A Publisher and His Friends eBook

This eBook from the Gutenberg Project consists of approximately 557 pages of information about A Publisher and His Friends.

“Gifford, though the best-tempered man alive, is terribly severe with his pen; but S.S. would suffer ten times more by being turned into ridicule (and never did man expose himself so much as he did in that sermon) than from being slashed and cauterized in that manner.”

The following refers to a difference of opinion between Mr. Murray and his editor.  Mr. Gifford had resented some expression of his friend’s as savouring of intimidation.

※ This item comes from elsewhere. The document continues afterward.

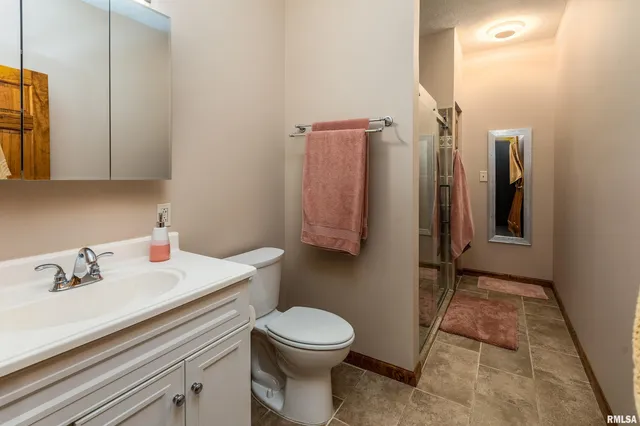 $269,900 | 13414 South Egypt Shores Drive, Creal Springs, IL 62922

John Murray to Mr. Gifford.

September 25, 1810.

“I entreat you to be assured that the term ‘intimidation’ can never be applied to any part of my conduct towards you, for whom I entertain the highest esteem and regard, both as a writer and as a friend.  If I am over-anxious, it is because I have let my hopes of fame as a bookseller rest upon the establishment and celebrity of this journal.  My character, as well with my professional brethren as with the public, is at stake upon it; for I would not be thought silly by the one, or a mere speculator by the other.  I have a very large business, as you may conclude by the capital I have been able to throw into this one publication, and yet my mind is so entirely engrossed, my honour is so completely involved in this one thing, that I neither eat, drink, nor sleep upon anything else.  I would rather it excelled all other journals and I gained nothing by it, than gain L300 a year by it without trouble if it were thought inferior to any other.  This, sir, is true.”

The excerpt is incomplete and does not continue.